INFORMATION below:

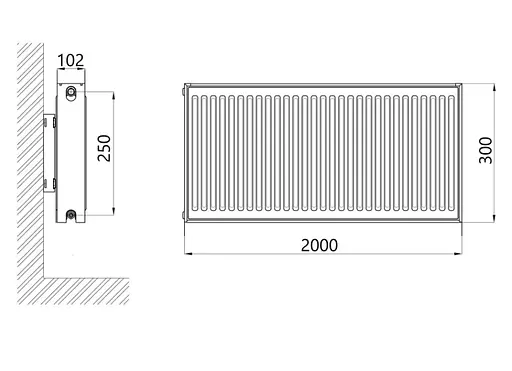 Радіатор сталевий Thermo Alliance IMAS 22 тип 300x2000 мм бічне підключення (TAI223002000V) - фото 2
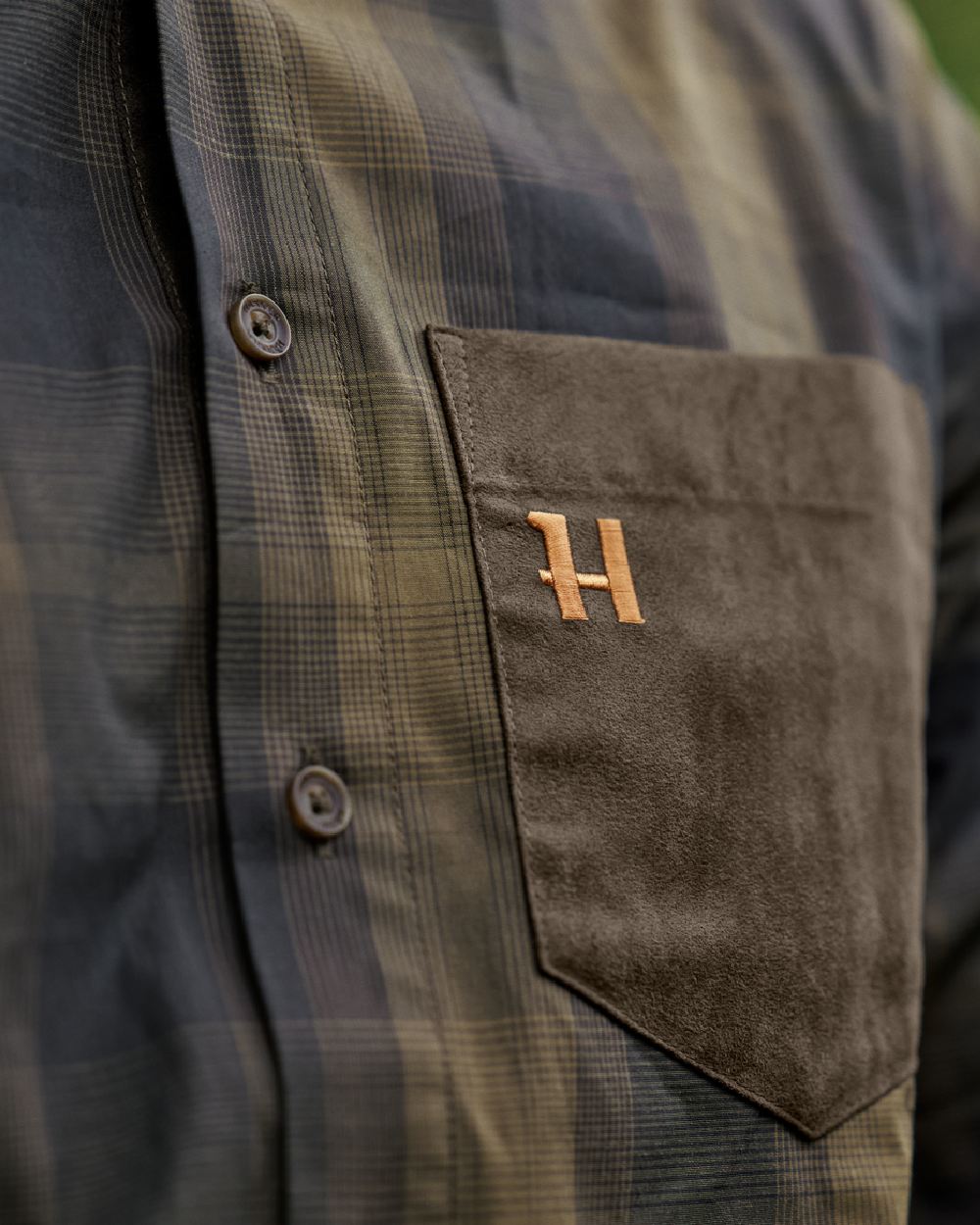 Willow Green Shadow Brown Coloured Harkila Akkan Shirt on outdoor background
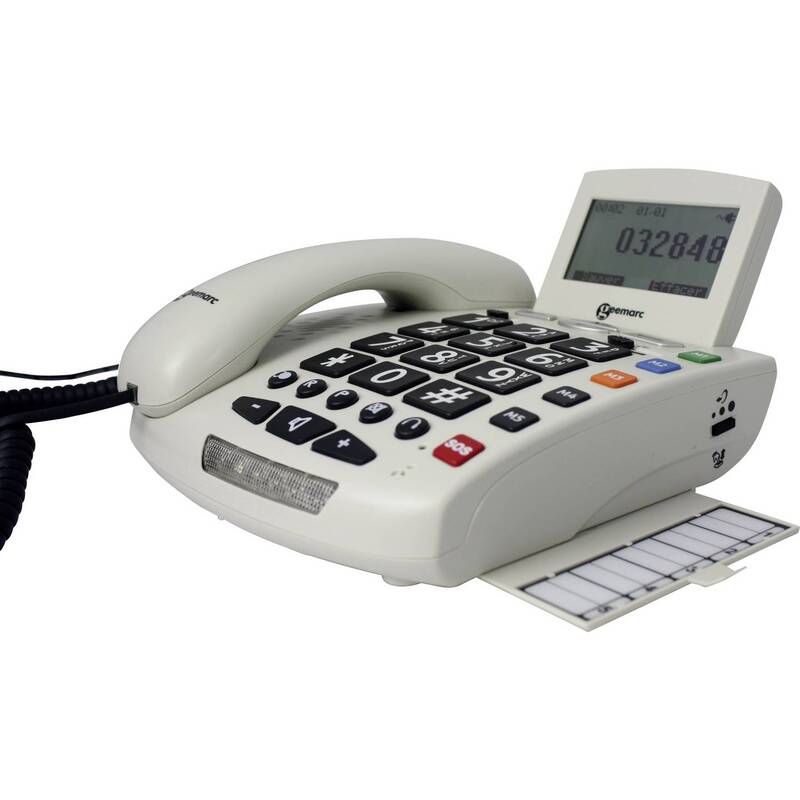 Geemarc Seniorentelefon Schnurgebunden inkl. Notrufsender Beleuchtetes Display - 3521350007947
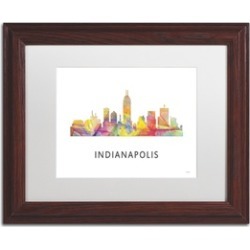 Marlene Watson 'Indianapolis Indiana Skyline WB-1' Matted Wood Framed Art
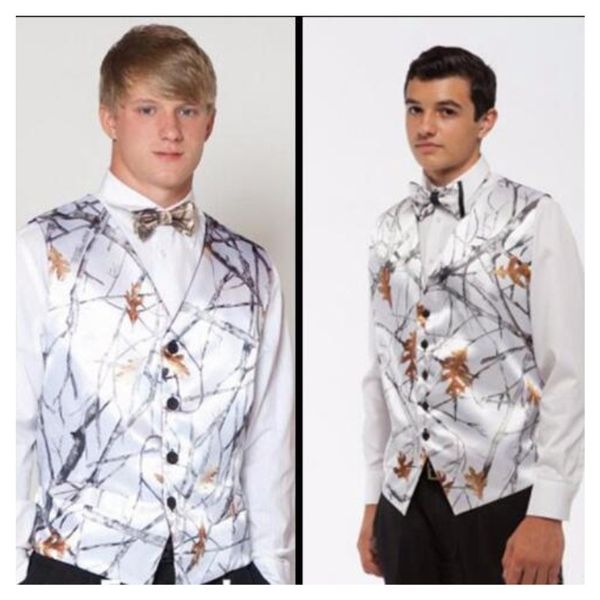 

white camo groom vests 2019 real tree camo men vests with bow camouflage groomsman vest satin custom formal wedding vests, Black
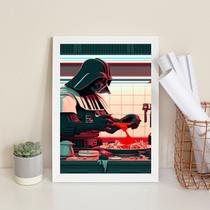 Quadro Cozinha - Cooking With Vader 33x24cm - com vidro Quadro Cozinha - Cooking With Vader 33x24cm - com vidro
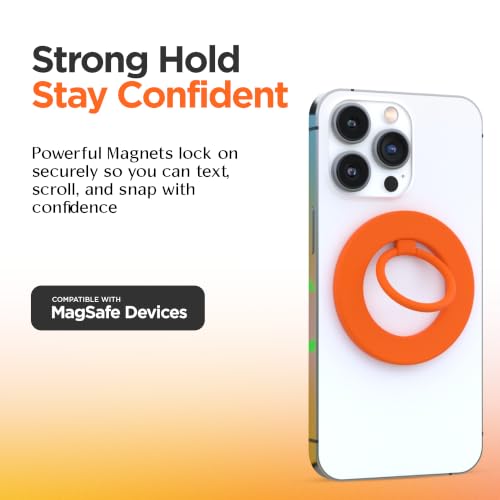 FELONY CASE - Neon Orange Ring Grip and Stand - Version 2.0- Improved Stronger Magnet, Magnetic Phone Ring Holder for MagSafe Compatible iPhone 17, 16, 15, 14, 13, 12, Pro, Pro Max Air-Drop Protection - color: Neon Orange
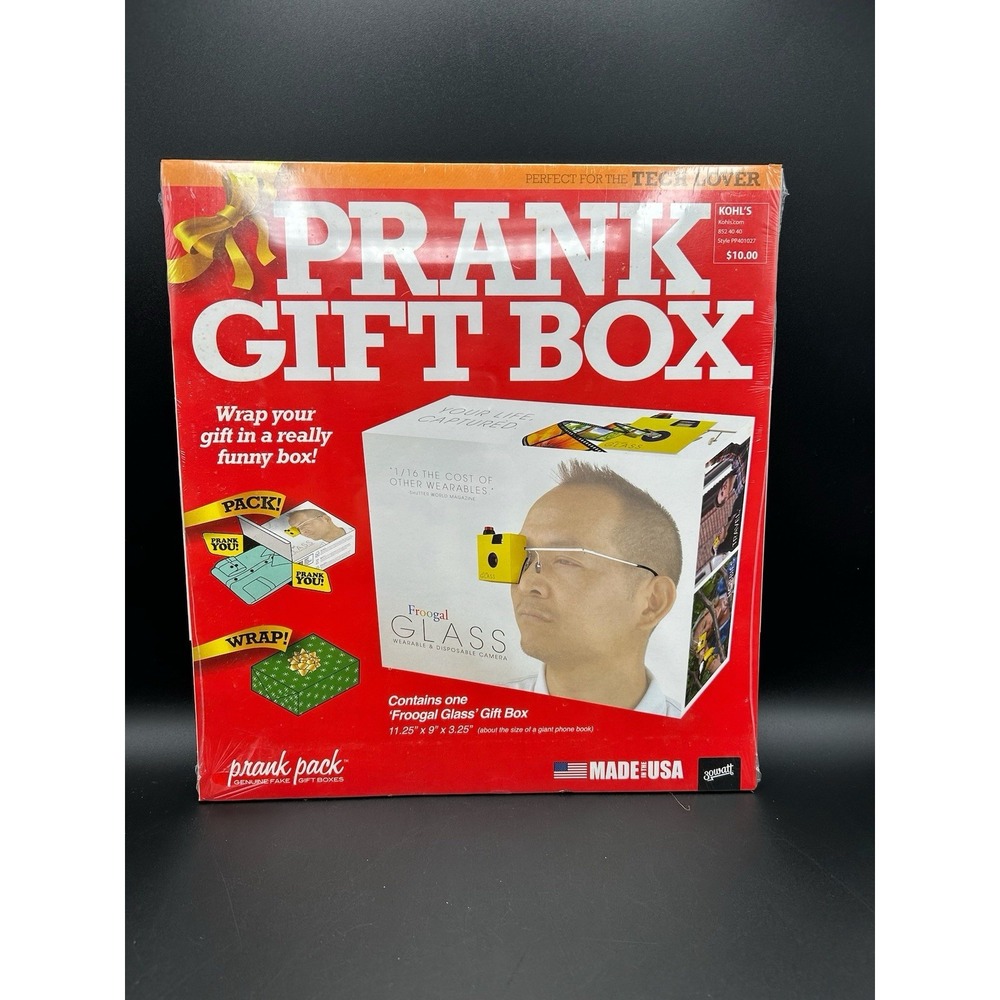 Lot Of 2 Froogal Glass Prank Fake Gag Gift Box For the Tech Lover! NEW 11"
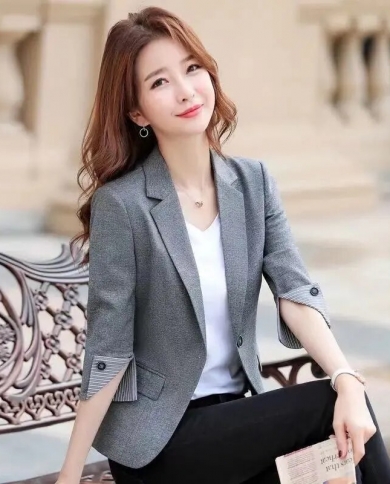 2023 New Spring Summer Womens Blazer Vintage Casual Suits Office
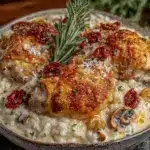 creamy garlic parmesan chicken and rice - featured image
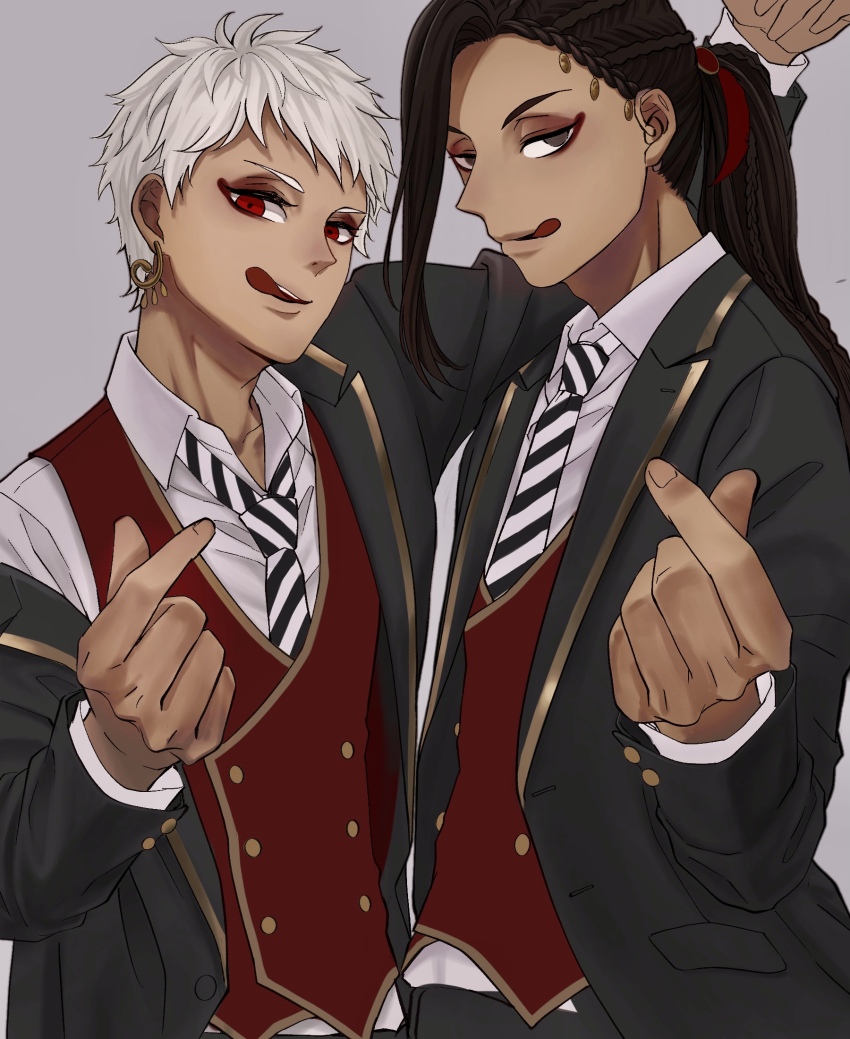 2boys black_suit blue_eyes brown_eyes brown_hair commentary_request dark-skinned_male dark_skin finger_heart formal_clothes grey_background highres jamil_viper kalim_al-asim licking_lips long_hair looking_at_viewer male_focus multiple_boys necktie night_raven_college_uniform ponytail red_eyes red_vest school_uniform shirt short_hair simple_background striped_necktie suit tongue tongue_out twisted_wonderland ukichan12011 upper_body vest white_hair white_shirt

End of INFORMATION.

• _PROBLEM REQUIREMENTS_
Exactly the lines from the one that contains "2023 New Spring" through the final line of the records above are needed, given again word for word, with every picture left out.

• _SOLUTION TO THIS PROBLEM_
 2023 New Spring Summer Womens Blazer Vintage Casual Suits Office
 creamy garlic parmesan chicken and rice - featured image
 2boys black_suit blue_eyes brown_eyes brown_hair commentary_request dark-skinned_male dark_skin finger_heart formal_clothes grey_background highres jamil_viper kalim_al-asim licking_lips long_hair looking_at_viewer male_focus multiple_boys necktie night_raven_college_uniform ponytail red_eyes red_vest school_uniform shirt short_hair simple_background striped_necktie suit tongue tongue_out twisted_wonderland ukichan12011 upper_body vest white_hair white_shirt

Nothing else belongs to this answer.